- [WHAT IS BEING ASKED]:
Return all the entries word for word, minus the pictures.

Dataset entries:
┌────────
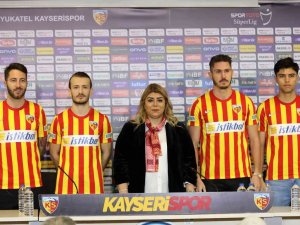Kayserispor’da İmza Şov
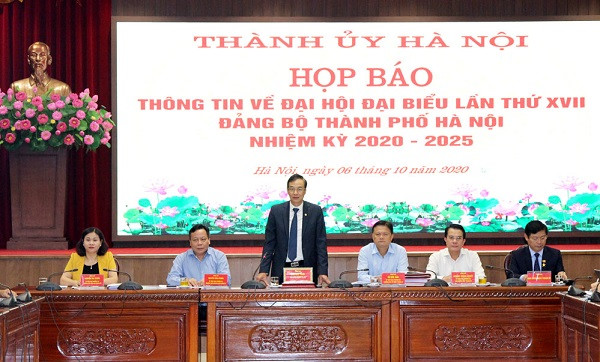 Phó Bí thư Thành ủy Hà Nội Đào Đức Toàn trả lời một số câu hỏi của phóng viên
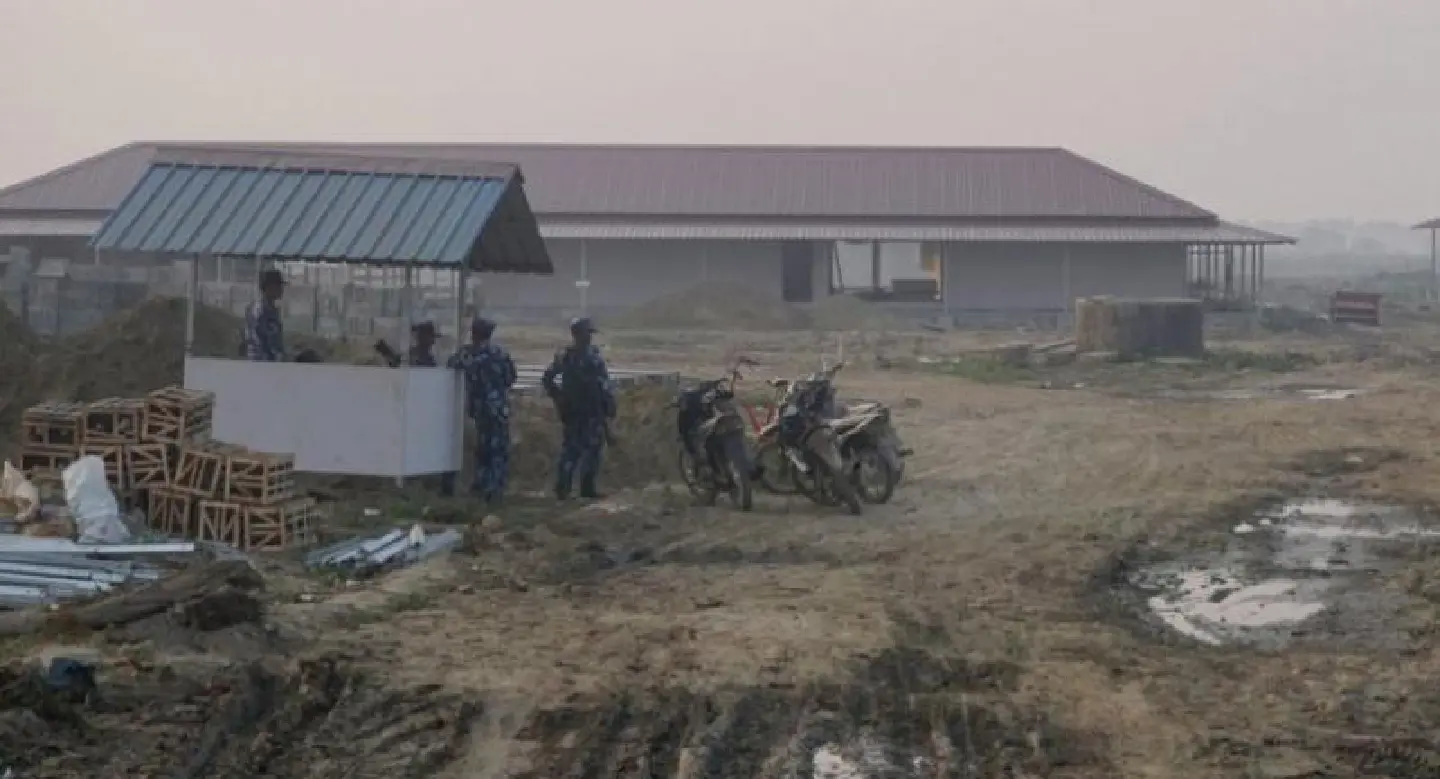 7 Myanmar soldiers sentenced to 10 years over Rohingya killings: army 7 Myanmar soldiers sentenced to 10 years over Rohingya killings: army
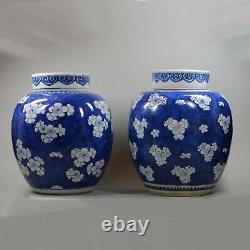 Near pair Chinese blue and white ginger jars & covers, Kangxi (1662-1722)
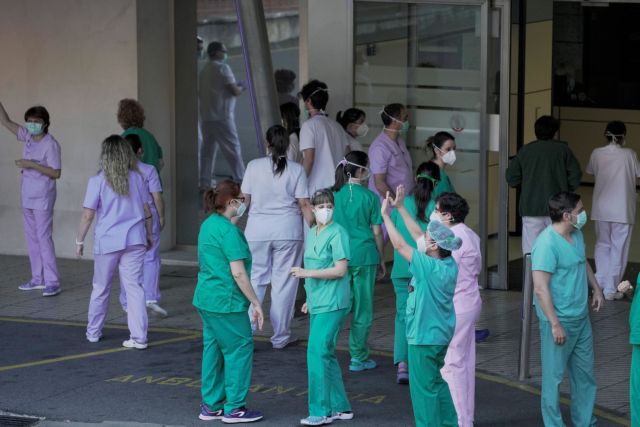 Ισπανία: 565 νεκροί από κοροναϊό σε μια μέρα –  20.043 συνολικά τα θύματα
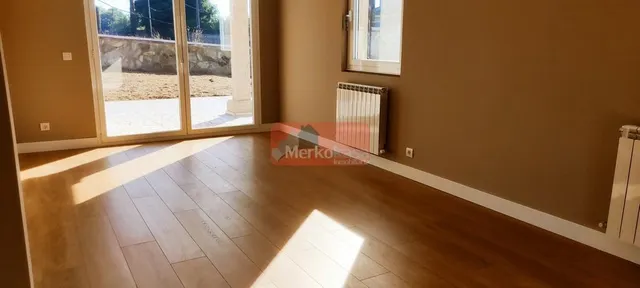 SE VENDEN CHALETS INDEPENDIENTES DE OBRA NUEVA  Y CON FINCA CERRADA DE 650M2 CERCANO A LUGO — 10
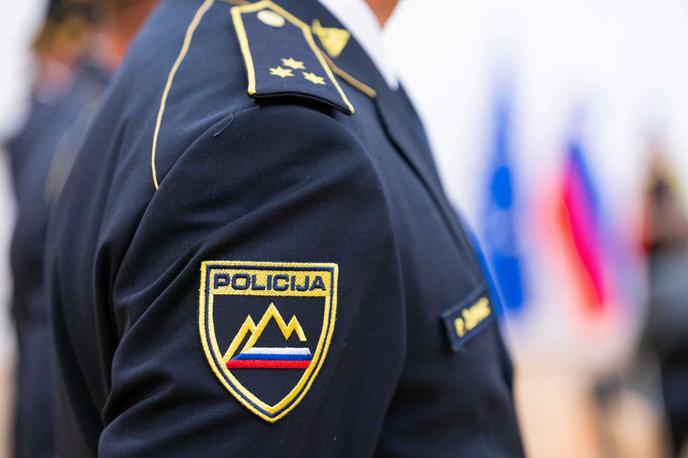 Policija | "V prostorih za pridržanje se je lahko kršitelj v miru naspal, posledice svojega početja pa bo čutil, ko se bo streznil, saj mu je bil izdan plačilni nalog za navedene kršitve,"  so dejali na PU Maribor.  | Foto STA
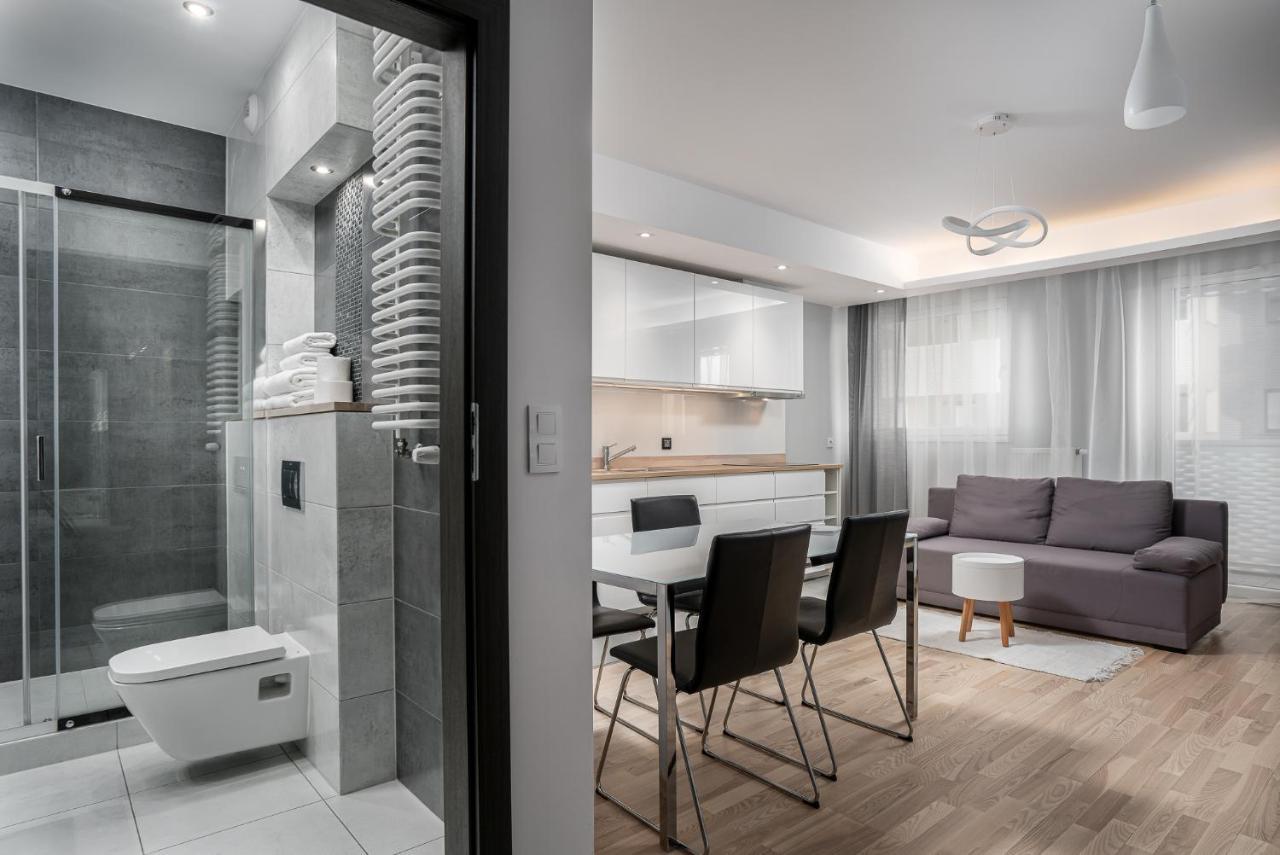 Rentplanet - Apartamenty Atal Tower Breslávia Exterior foto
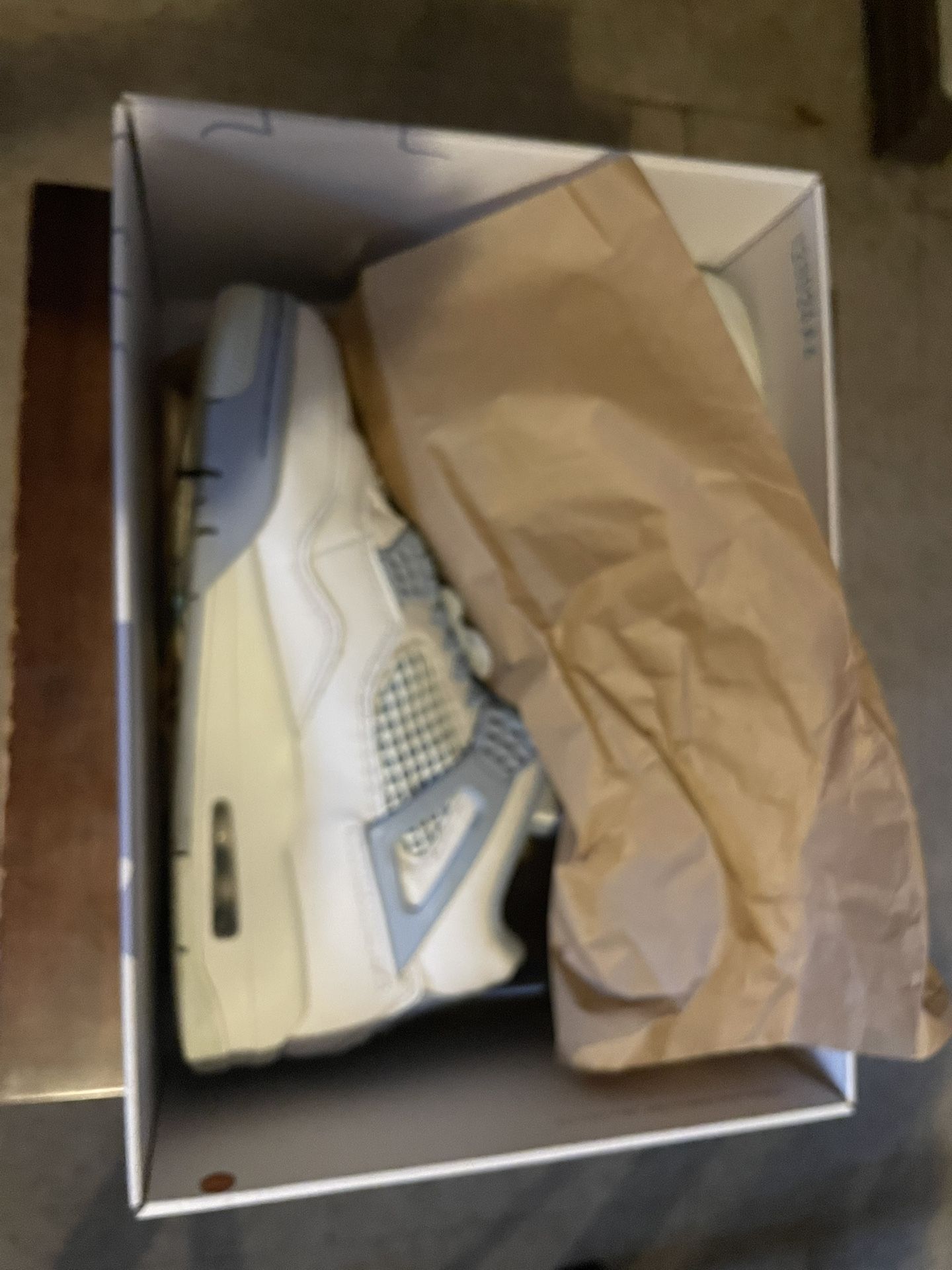 Jordan 4 Forget Me Not .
└────────
- [TASK SOLUTION]:
Kayserispor’da İmza Şov
 Phó Bí thư Thành ủy Hà Nội Đào Đức Toàn trả lời một số câu hỏi của phóng viên
 7 Myanmar soldiers sentenced to 10 years over Rohingya killings: army 7 Myanmar soldiers sentenced to 10 years over Rohingya killings: army
 Near pair Chinese blue and white ginger jars & covers, Kangxi (1662-1722)
 Ισπανία: 565 νεκροί από κοροναϊό σε μια μέρα –  20.043 συνολικά τα θύματα
 SE VENDEN CHALETS INDEPENDIENTES DE OBRA NUEVA  Y CON FINCA CERRADA DE 650M2 CERCANO A LUGO — 10
 Policija | "V prostorih za pridržanje se je lahko kršitelj v miru naspal, posledice svojega početja pa bo čutil, ko se bo streznil, saj mu je bil izdan plačilni nalog za navedene kršitve,"  so dejali na PU Maribor.  | Foto STA
 Rentplanet - Apartamenty Atal Tower Breslávia Exterior foto
 Jordan 4 Forget Me Not .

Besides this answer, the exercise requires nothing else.